INPUT below:

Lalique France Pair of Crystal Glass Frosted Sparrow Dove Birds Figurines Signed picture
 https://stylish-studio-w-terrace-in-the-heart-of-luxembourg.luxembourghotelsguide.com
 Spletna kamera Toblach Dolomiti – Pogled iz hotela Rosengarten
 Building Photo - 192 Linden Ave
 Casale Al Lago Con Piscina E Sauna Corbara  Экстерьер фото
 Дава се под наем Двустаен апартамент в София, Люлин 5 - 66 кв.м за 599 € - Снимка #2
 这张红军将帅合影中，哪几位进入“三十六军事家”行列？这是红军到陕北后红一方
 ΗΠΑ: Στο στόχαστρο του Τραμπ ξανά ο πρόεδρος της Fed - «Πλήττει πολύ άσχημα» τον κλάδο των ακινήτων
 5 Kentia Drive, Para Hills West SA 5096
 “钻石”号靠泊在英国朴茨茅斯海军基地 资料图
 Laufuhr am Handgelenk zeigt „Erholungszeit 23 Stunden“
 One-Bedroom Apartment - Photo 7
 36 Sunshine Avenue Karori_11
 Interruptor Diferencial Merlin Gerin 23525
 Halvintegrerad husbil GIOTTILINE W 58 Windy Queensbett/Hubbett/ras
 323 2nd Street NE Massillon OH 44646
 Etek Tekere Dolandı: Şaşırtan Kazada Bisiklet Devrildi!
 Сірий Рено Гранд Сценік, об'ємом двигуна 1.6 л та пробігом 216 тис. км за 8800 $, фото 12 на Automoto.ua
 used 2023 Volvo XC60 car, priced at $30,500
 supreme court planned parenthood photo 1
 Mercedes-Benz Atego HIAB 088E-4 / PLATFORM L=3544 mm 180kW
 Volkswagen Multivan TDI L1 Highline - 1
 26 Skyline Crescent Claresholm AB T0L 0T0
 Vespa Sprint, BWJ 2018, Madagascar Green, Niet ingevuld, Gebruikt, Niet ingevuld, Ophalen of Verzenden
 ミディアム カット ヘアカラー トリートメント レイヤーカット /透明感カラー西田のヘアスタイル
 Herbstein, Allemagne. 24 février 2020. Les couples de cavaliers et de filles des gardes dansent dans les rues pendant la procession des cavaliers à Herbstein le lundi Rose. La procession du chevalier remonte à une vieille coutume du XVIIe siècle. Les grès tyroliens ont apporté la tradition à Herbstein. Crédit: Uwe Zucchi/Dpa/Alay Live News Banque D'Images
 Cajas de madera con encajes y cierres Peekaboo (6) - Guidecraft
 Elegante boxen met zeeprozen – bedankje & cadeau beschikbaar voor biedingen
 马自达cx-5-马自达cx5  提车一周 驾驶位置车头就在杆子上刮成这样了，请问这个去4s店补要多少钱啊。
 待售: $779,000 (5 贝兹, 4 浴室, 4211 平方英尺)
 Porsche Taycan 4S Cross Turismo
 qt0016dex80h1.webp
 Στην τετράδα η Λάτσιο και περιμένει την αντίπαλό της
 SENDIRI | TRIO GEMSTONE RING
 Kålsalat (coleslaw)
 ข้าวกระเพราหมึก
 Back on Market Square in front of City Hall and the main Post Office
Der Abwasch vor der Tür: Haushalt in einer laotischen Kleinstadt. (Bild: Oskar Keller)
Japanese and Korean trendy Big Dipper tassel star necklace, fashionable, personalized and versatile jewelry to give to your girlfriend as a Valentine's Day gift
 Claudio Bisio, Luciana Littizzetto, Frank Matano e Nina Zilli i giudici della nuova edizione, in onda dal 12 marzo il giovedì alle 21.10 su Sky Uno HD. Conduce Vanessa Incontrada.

End of INPUT.

#### THE TASK
Restate the records, all of them, precisely as written.

#### WRITTEN RESPONSE
Lalique France Pair of Crystal Glass Frosted Sparrow Dove Birds Figurines Signed picture
 https://stylish-studio-w-terrace-in-the-heart-of-luxembourg.luxembourghotelsguide.com
 Spletna kamera Toblach Dolomiti – Pogled iz hotela Rosengarten
 Building Photo - 192 Linden Ave
 Casale Al Lago Con Piscina E Sauna Corbara  Экстерьер фото
 Дава се под наем Двустаен апартамент в София, Люлин 5 - 66 кв.м за 599 € - Снимка #2
 这张红军将帅合影中，哪几位进入“三十六军事家”行列？这是红军到陕北后红一方
 ΗΠΑ: Στο στόχαστρο του Τραμπ ξανά ο πρόεδρος της Fed - «Πλήττει πολύ άσχημα» τον κλάδο των ακινήτων
 5 Kentia Drive, Para Hills West SA 5096
 “钻石”号靠泊在英国朴茨茅斯海军基地 资料图
 Laufuhr am Handgelenk zeigt „Erholungszeit 23 Stunden“
 One-Bedroom Apartment - Photo 7
 36 Sunshine Avenue Karori_11
 Interruptor Diferencial Merlin Gerin 23525
 Halvintegrerad husbil GIOTTILINE W 58 Windy Queensbett/Hubbett/ras
 323 2nd Street NE Massillon OH 44646
 Etek Tekere Dolandı: Şaşırtan Kazada Bisiklet Devrildi!
 Сірий Рено Гранд Сценік, об'ємом двигуна 1.6 л та пробігом 216 тис. км за 8800 $, фото 12 на Automoto.ua
 used 2023 Volvo XC60 car, priced at $30,500
 supreme court planned parenthood photo 1
 Mercedes-Benz Atego HIAB 088E-4 / PLATFORM L=3544 mm 180kW
 Volkswagen Multivan TDI L1 Highline - 1
 26 Skyline Crescent Claresholm AB T0L 0T0
 Vespa Sprint, BWJ 2018, Madagascar Green, Niet ingevuld, Gebruikt, Niet ingevuld, Ophalen of Verzenden
 ミディアム カット ヘアカラー トリートメント レイヤーカット /透明感カラー西田のヘアスタイル
 Herbstein, Allemagne. 24 février 2020. Les couples de cavaliers et de filles des gardes dansent dans les rues pendant la procession des cavaliers à Herbstein le lundi Rose. La procession du chevalier remonte à une vieille coutume du XVIIe siècle. Les grès tyroliens ont apporté la tradition à Herbstein. Crédit: Uwe Zucchi/Dpa/Alay Live News Banque D'Images
 Cajas de madera con encajes y cierres Peekaboo (6) - Guidecraft
 Elegante boxen met zeeprozen – bedankje & cadeau beschikbaar voor biedingen
 马自达cx-5-马自达cx5  提车一周 驾驶位置车头就在杆子上刮成这样了，请问这个去4s店补要多少钱啊。
 待售: $779,000 (5 贝兹, 4 浴室, 4211 平方英尺)
 Porsche Taycan 4S Cross Turismo
 qt0016dex80h1.webp
 Στην τετράδα η Λάτσιο και περιμένει την αντίπαλό της
 SENDIRI | TRIO GEMSTONE RING
 Kålsalat (coleslaw)
 ข้าวกระเพราหมึก
 Back on Market Square in front of City Hall and the main Post Office
Der Abwasch vor der Tür: Haushalt in einer laotischen Kleinstadt. (Bild: Oskar Keller)
Japanese and Korean trendy Big Dipper tassel star necklace, fashionable, personalized and versatile jewelry to give to your girlfriend as a Valentine's Day gift
 Claudio Bisio, Luciana Littizzetto, Frank Matano e Nina Zilli i giudici della nuova edizione, in onda dal 12 marzo il giovedì alle 21.10 su Sky Uno HD. Conduce Vanessa Incontrada.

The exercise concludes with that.